(Dataset excerpts)
++++++
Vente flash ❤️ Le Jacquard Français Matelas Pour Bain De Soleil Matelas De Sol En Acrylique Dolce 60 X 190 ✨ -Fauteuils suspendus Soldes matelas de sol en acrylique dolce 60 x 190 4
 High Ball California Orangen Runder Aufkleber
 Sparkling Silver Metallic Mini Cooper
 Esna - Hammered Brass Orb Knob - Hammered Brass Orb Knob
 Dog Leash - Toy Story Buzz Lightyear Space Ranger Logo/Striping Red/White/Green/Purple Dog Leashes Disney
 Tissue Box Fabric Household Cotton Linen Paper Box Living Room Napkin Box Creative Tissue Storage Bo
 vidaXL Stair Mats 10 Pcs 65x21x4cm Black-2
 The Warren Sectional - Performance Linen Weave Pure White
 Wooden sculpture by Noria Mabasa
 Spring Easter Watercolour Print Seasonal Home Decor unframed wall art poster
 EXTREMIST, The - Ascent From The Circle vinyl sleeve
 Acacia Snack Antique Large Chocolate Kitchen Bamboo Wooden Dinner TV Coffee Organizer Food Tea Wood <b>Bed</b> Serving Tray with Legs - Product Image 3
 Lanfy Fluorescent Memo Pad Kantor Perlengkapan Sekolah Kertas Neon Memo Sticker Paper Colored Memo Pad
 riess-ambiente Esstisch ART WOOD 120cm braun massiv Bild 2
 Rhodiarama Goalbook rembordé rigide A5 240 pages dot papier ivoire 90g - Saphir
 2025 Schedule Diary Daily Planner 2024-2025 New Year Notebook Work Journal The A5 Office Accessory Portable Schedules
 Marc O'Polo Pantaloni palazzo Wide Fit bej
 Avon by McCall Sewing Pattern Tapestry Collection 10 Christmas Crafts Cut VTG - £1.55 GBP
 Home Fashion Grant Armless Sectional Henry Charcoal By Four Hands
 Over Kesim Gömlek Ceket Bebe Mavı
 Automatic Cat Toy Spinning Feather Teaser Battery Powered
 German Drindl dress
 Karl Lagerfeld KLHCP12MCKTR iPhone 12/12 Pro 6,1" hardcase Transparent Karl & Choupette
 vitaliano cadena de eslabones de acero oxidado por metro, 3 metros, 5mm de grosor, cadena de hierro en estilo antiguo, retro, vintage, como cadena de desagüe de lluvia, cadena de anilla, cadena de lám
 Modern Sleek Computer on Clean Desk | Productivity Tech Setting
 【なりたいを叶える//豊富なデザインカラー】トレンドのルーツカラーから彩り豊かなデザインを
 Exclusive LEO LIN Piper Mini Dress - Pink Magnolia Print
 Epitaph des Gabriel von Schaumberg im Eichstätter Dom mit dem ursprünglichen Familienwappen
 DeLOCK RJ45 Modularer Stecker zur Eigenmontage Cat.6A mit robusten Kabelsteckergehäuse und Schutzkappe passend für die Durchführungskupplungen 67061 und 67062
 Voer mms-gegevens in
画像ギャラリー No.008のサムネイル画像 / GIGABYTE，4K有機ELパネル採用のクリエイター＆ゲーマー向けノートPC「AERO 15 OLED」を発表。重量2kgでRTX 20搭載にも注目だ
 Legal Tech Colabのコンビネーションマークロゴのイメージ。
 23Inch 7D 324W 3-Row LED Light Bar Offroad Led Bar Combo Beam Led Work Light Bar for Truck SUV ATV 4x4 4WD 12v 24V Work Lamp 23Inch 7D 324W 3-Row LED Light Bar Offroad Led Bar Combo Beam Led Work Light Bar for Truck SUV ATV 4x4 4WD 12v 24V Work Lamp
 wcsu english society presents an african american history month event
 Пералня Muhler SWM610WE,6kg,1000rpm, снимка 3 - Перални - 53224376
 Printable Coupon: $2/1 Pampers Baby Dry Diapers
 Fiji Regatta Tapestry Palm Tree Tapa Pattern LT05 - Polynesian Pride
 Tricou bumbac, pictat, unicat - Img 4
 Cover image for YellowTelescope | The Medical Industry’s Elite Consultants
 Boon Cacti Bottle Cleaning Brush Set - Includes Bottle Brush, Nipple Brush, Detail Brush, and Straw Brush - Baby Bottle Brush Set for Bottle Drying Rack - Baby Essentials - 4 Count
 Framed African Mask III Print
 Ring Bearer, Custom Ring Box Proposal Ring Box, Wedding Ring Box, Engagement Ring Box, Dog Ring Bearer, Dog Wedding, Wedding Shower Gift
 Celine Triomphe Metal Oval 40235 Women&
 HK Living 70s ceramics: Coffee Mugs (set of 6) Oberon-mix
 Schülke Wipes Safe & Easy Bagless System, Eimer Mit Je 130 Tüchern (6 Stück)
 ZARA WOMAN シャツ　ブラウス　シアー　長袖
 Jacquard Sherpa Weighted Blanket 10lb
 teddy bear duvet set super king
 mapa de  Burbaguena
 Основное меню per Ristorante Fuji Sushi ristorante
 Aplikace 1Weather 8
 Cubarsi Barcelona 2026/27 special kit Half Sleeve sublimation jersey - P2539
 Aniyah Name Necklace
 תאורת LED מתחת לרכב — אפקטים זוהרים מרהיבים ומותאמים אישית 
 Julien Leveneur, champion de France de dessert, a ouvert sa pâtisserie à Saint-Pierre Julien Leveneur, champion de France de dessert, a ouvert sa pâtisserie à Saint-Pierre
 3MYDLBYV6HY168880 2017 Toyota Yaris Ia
++++++
[WORK REQUEST]: Only the lines above starting at the line that holds "Esna - Hammered" and ending at the line that holds "Wooden sculpture by Noria Mabasa" are to be repeated, exactly and in full.

[RESPONSE AREA]:
 Esna - Hammered Brass Orb Knob - Hammered Brass Orb Knob
 Dog Leash - Toy Story Buzz Lightyear Space Ranger Logo/Striping Red/White/Green/Purple Dog Leashes Disney
 Tissue Box Fabric Household Cotton Linen Paper Box Living Room Napkin Box Creative Tissue Storage Bo
 vidaXL Stair Mats 10 Pcs 65x21x4cm Black-2
 The Warren Sectional - Performance Linen Weave Pure White
 Wooden sculpture by Noria Mabasa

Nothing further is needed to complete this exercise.